[PATCH] powerpc: add 16K/64K pages support for the 44x PPC32 architectures.

Benjamin Herrenschmidt benh at kernel.crashing.org
Wed Dec 10 08:39:00 EST 2008


Hi Ilya !

Looks good overall. A few minor comments.

> +config PPC_4K_PAGES
> +	bool "4k page size"
> +
> +config PPC_16K_PAGES
> +	bool "16k page size" if 44x
> +
> +config PPC_64K_PAGES
> +	bool "64k page size" if 44x || PPC64
> +	select PPC_HAS_HASH_64K if PPC64

I'd rather if the PPC64 references were instead PPC_STD_MMU_64 (which
may or may not be defined in Kconfig depending on what you are based on,
but is trivial to add.

I want to clearly differenciate what is MMU from what CPU architecture
and there may (will ... ahem) at some point be 64-bit BookE.

In the same vein, we should probably rework some of the above so that
the CPU/MMU type actually defines what page sizes are allowed
(PPC_CAN_16K, PPC_CAN_64K, ...) but let's keep that for a later patch.

>  config PPC_SUBPAGE_PROT
>  	bool "Support setting protections for 4k subpages"
> -	depends on PPC_64K_PAGES
> +	depends on PPC64 && PPC_64K_PAGES
>  	help
>  	  This option adds support for a system call to allow user programs
>  	  to set access permissions (read/write, readonly, or no access)

Same comment here.

> diff --git a/arch/powerpc/include/asm/highmem.h b/arch/powerpc/include/asm/highmem.h
> index 91c5895..9875540 100644
> --- a/arch/powerpc/include/asm/highmem.h
> +++ b/arch/powerpc/include/asm/highmem.h
> @@ -38,9 +38,20 @@ extern pte_t *pkmap_page_table;
>   * easily, subsequent pte tables have to be allocated in one physical
>   * chunk of RAM.
>   */
> -#define LAST_PKMAP 	(1 << PTE_SHIFT)
> -#define LAST_PKMAP_MASK (LAST_PKMAP-1)
> +/*
> + * We use one full pte table with 4K pages.
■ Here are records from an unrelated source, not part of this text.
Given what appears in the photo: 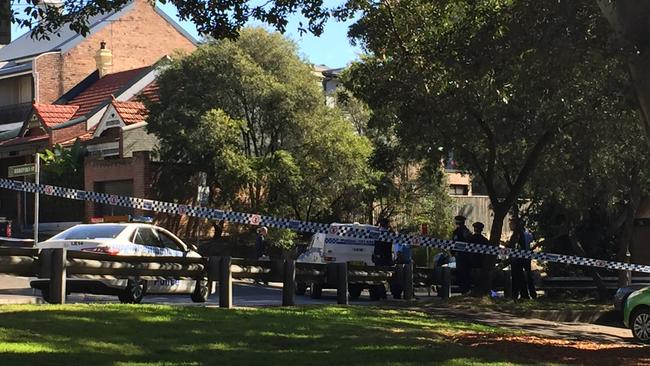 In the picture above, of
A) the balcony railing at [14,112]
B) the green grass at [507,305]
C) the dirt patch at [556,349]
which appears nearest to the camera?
the dirt patch at [556,349]

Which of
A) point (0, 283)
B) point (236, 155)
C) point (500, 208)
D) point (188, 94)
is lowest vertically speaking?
point (0, 283)

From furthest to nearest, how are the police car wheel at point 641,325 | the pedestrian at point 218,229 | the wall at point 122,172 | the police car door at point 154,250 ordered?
1. the pedestrian at point 218,229
2. the wall at point 122,172
3. the police car door at point 154,250
4. the police car wheel at point 641,325

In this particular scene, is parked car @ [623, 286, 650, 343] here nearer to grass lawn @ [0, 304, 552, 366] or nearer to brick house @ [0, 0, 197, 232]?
grass lawn @ [0, 304, 552, 366]

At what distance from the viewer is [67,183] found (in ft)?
115

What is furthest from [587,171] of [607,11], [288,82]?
[288,82]

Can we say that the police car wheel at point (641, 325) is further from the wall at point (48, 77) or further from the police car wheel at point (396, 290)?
the wall at point (48, 77)

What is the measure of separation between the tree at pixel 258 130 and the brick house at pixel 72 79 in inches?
308

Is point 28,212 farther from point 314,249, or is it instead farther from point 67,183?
point 314,249

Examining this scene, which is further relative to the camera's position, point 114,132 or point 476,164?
point 114,132


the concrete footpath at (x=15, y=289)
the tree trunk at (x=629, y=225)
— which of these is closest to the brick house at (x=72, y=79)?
the concrete footpath at (x=15, y=289)

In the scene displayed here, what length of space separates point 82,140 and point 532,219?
20195 mm

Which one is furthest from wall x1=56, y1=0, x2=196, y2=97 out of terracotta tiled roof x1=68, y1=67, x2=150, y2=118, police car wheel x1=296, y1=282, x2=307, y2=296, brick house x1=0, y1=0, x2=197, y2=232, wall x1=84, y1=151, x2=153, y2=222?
police car wheel x1=296, y1=282, x2=307, y2=296

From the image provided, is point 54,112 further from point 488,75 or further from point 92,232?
point 488,75

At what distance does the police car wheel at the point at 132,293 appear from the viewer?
45.4ft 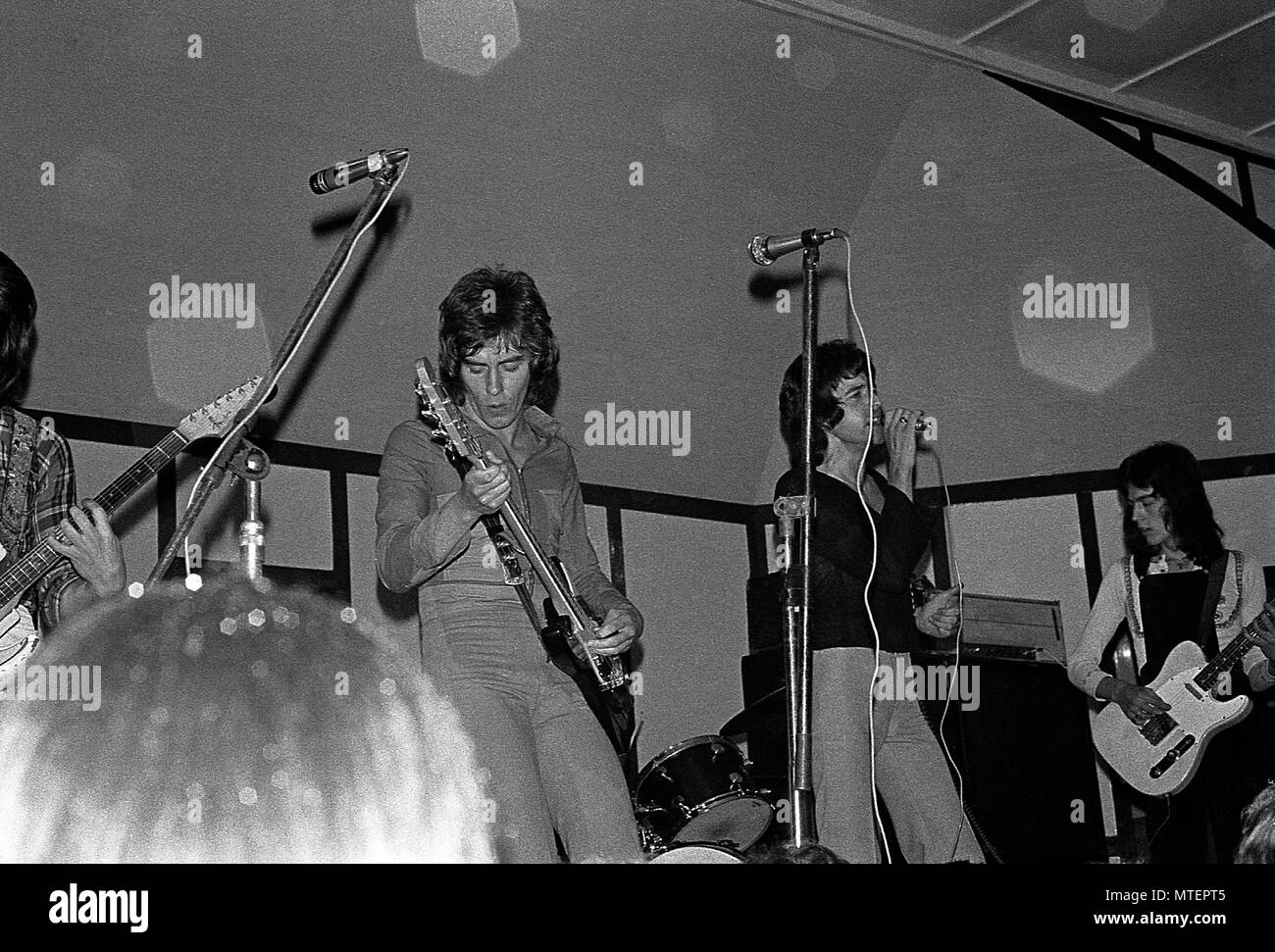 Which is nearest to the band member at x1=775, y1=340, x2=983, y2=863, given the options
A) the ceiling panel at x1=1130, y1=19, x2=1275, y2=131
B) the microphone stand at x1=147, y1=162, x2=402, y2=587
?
the microphone stand at x1=147, y1=162, x2=402, y2=587

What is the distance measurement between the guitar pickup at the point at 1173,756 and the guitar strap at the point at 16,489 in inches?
119

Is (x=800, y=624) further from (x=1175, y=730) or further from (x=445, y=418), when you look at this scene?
(x=1175, y=730)

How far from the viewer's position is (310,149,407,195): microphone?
2.53 meters

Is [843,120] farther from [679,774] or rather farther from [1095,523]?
[679,774]

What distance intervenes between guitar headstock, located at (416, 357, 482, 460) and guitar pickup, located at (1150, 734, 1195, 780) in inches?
95.2

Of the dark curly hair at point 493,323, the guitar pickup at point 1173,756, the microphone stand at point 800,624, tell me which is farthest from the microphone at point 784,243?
the guitar pickup at point 1173,756

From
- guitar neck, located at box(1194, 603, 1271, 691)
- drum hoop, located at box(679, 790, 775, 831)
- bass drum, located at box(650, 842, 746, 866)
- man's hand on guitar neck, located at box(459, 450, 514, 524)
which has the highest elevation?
man's hand on guitar neck, located at box(459, 450, 514, 524)

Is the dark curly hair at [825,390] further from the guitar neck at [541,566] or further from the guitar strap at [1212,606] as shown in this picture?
the guitar strap at [1212,606]

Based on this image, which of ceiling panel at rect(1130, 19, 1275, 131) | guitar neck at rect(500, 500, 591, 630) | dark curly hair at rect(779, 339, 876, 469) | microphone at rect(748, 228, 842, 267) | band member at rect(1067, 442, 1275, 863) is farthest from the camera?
ceiling panel at rect(1130, 19, 1275, 131)

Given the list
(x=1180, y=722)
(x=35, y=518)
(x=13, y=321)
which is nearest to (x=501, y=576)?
(x=35, y=518)

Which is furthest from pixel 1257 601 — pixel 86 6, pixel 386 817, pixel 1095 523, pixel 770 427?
pixel 86 6

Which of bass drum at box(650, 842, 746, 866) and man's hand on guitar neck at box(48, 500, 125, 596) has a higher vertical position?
man's hand on guitar neck at box(48, 500, 125, 596)

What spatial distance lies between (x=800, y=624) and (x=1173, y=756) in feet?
5.59

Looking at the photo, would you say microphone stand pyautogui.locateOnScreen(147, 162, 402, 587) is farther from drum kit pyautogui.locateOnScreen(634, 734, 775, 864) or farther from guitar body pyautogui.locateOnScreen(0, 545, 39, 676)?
drum kit pyautogui.locateOnScreen(634, 734, 775, 864) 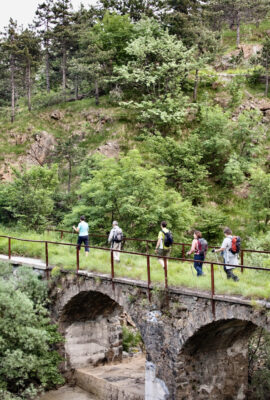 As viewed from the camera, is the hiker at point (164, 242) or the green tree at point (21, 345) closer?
the green tree at point (21, 345)

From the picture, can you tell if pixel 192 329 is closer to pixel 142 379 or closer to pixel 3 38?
pixel 142 379

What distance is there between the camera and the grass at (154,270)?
1135 cm

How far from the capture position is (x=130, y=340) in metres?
20.7

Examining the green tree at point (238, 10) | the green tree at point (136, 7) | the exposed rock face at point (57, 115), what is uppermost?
the green tree at point (238, 10)

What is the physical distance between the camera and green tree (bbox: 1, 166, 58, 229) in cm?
2317

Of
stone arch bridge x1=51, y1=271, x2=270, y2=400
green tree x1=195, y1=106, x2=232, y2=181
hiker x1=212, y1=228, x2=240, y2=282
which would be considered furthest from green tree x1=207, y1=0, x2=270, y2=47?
stone arch bridge x1=51, y1=271, x2=270, y2=400

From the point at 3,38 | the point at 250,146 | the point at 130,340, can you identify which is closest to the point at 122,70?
the point at 250,146

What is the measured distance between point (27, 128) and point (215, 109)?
1630cm

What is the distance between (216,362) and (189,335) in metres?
2.06

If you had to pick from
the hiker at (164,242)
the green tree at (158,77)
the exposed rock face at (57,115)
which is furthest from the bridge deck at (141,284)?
the exposed rock face at (57,115)

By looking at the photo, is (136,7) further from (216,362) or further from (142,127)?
(216,362)

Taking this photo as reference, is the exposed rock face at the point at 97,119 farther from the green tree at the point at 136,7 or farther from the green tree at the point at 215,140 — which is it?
the green tree at the point at 136,7

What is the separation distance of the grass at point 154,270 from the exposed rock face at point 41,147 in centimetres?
1833

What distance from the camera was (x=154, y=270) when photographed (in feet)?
44.9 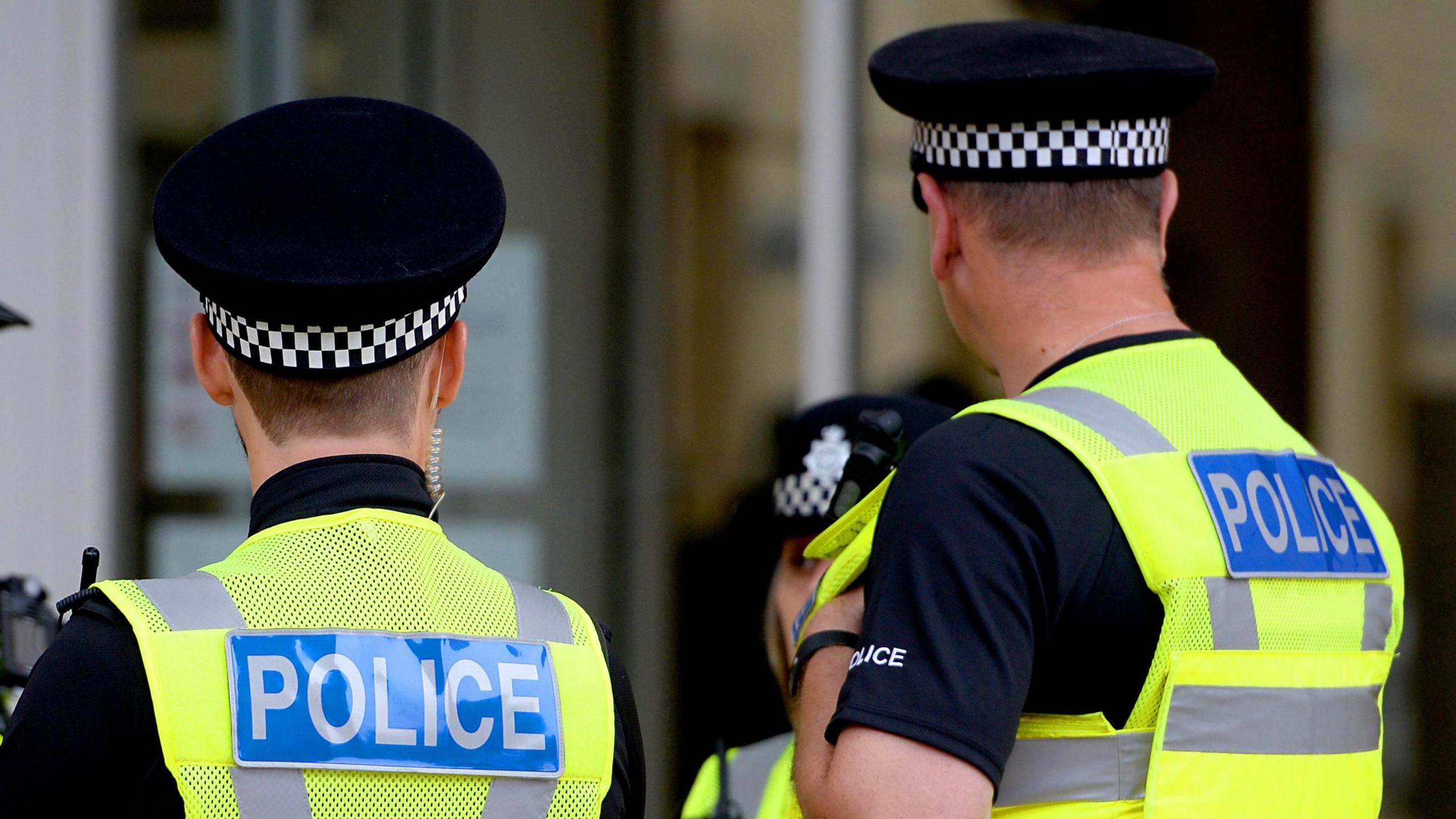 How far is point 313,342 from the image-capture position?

And with 16K/64K pages pte
> + * table covers enough memory (32MB and 512MB resp.) that both FIXMAP
> + * and PKMAP can be placed in single pte table. We use 1024 pages for
> + * PKMAP in case of 16K/64K pages.
> + */
> +#define PKMAP_ORDER	min(PTE_SHIFT, 10)
> +#define LAST_PKMAP	(1 << PKMAP_ORDER)
> +#if !defined(CONFIG_PPC_4K_PAGES)
> +#define PKMAP_BASE	(FIXADDR_START - PAGE_SIZE*(LAST_PKMAP + 1))
> +#else
>  #define PKMAP_BASE	((FIXADDR_START - PAGE_SIZE*(LAST_PKMAP + 1)) & PMD_MASK)
> +#endif

I'm not sure about the above & PMD_MASK. Shouldn't we instead make it
not build if (PKMAP_BASE & PMD_MASK) != 0 ? IE, somebody set
FIXADDR_START to something wrong... and avoid the ifdef alltogether ? Or
am I missing something ? (it's early morning and I may not have all my
wits with me right now !)

> -#ifdef CONFIG_PPC_64K_PAGES
> +#if defined(CONFIG_PPC_64K_PAGES) && defined(CONFIG_PPC64)
>  typedef struct { pte_t pte; unsigned long hidx; } real_pte_t;
>  #else

Same comment about using PPC_STD_MMU_64, it's going to make my life
easier later on :-) And in various other places, I won't quote them all.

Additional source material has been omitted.